Cori M. Smith
Justice in the Schools
Cori Smith is the Program Director of Justice in the Schools (JTS). JTS operates out of several schools in the Kansas City and Hickman Mills school districts to help students and families with issues that negatively affect their lives and learning. As a joint project between Legal Aid of Western Missouri, Kansas City Public School District, SchoolSmartKC, Hickman Mills School District, and the Local Investment Commission (LINC), Legal Aid provides high-quality, free legal services to eligible families within each school district’s boundaries. The clinics assist families with eviction defense issues in an effort to address the student mobility crisis, as well as address other issues within the practice areas.
Q1: How long have you been with Legal Aid and working in the Justice in the Schools program?
I have worked with Legal Aid since September 2018. The Justice in the Schools (JTS) program was also launched in September 2018.
Q2: What drew you to this work?
I am deeply drawn toward social justice, and after my first year in law school, I realized I wanted to have a more direct impact on communities that resemble my own. After moving back home in the spring of 2017, I decided to step into nonprofit work. After serving as an AmeriCorps VISTA, I was extremely interested in working to provide service-learning, especially for those who do not have many opportunities to help build their communities, through piloted experiences and building programming. In 2018, I saw alignment in Legal Aid’s initiative to create programming that would directly impact students in low-income communities that are negatively impacted by the student mobility crisis.
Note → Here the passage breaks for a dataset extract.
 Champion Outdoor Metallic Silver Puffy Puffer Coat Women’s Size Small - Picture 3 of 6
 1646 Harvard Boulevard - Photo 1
I have always been super passionate about providing or connecting people to resources and helping create sustainable solutions.
Q3: What are the greatest challenges facing Kansas City students in the public school system?
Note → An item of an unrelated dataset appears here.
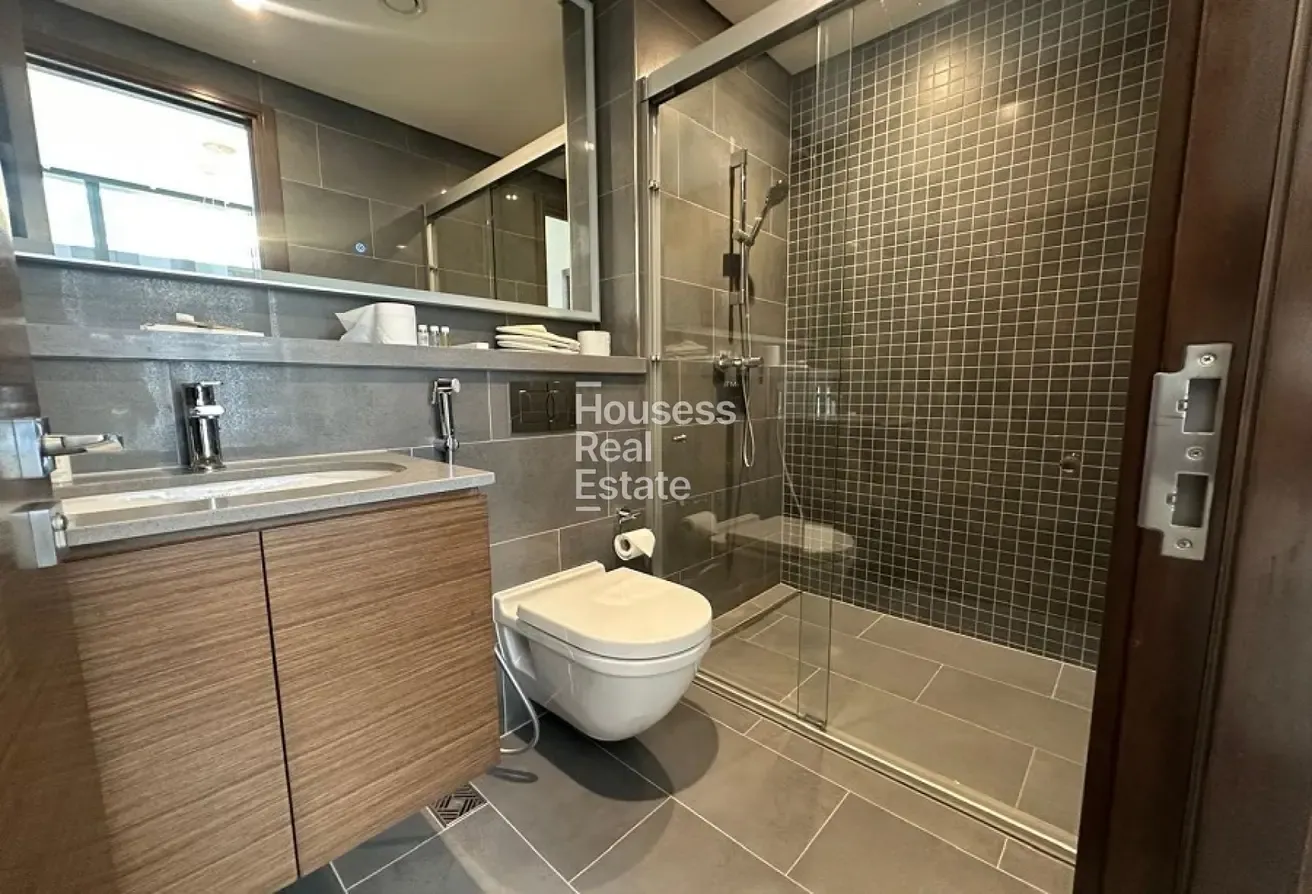 1 BR plus Study Room| Negotiable | Available now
Pre-COVID, the answer was etched very loudly as an issue with stability, attendance, and support. However, since COVID we are now dealing with a variety of issues and unmet needs that require creative solutions. Our families are struggling with the transition to 100% virtual learning, on top of issues that may have been bandaged long before COVID. There has been a big issue with student attendance, and now with COVID many students have altogether been pushed out or are on the cusp of being totally absent due to issues such as lack of stable housing, loss of utility services, parents facing unemployment, lack of substantial assistance with childcare, and families who may not have stable food sources, etc.
Q4: What is it like to be a high school coach in your spare time?
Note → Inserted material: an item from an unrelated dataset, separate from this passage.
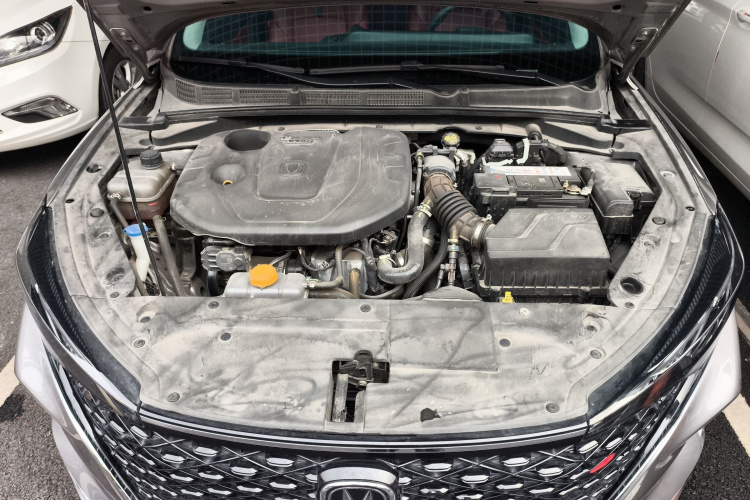 长安 逸动 2020款 PLUS 蓝鲸NE 1.4T GDI DCT旗舰型机舱底盘24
I have played volleyball a good portion of my life. It’s led me through high school and into a national championship title at the college level while attending Clark Atlanta University. After graduating, I began coaching high school volleyball and have been able to continue to coach. I currently coach volleyball at one of the neighborhood high schools in the Kansas City Public School District. I have just concluded my second season with the girls, and it has been such a dynamic experience. I was formerly a coach in Kansas City, Kansas and it was incredibly challenging to have to adjust quickly since I accepted my current position right before the volleyball season started. But this job has always been an unexpected blessing, and so many of the conversations that I get to have with my players has definitely opened my lens and perspectives. I would not trade any of these experiences for the world.
Q5: What inspires you?
The fact that I am able to see a direct impact really motivates me in my position. I am from Kansas City and understand what a lot of these circumstances look like firsthand. I am big into holistic wellness and health, and as a Black woman, it is so important for me to be a face that looks like many of our clients and help connect these families to better solutions. Seeing the children’s faces at the initial point of contact and then seeing the difference later on at the start of a new school year is everything to me. These children are carrying such a weight on their shoulders that learning cannot be a priority, and that is simply not fair to them. It is too much to ask them to continue to suffer and accept that this is just the way it goes. It is not. Justice in the Schools is my way of showing families that we are here for them, and that their voices and their rights matter. It is unbelievable what some of our students have to deal with as normal, daily occurrences. These kids are my motivation.
Q6: What is your wish for Justice in Schools in 5 years?
I would like to see our program implemented in most, if not all, of the Metro Kansas City area, and also replicable in other environments outside of our city.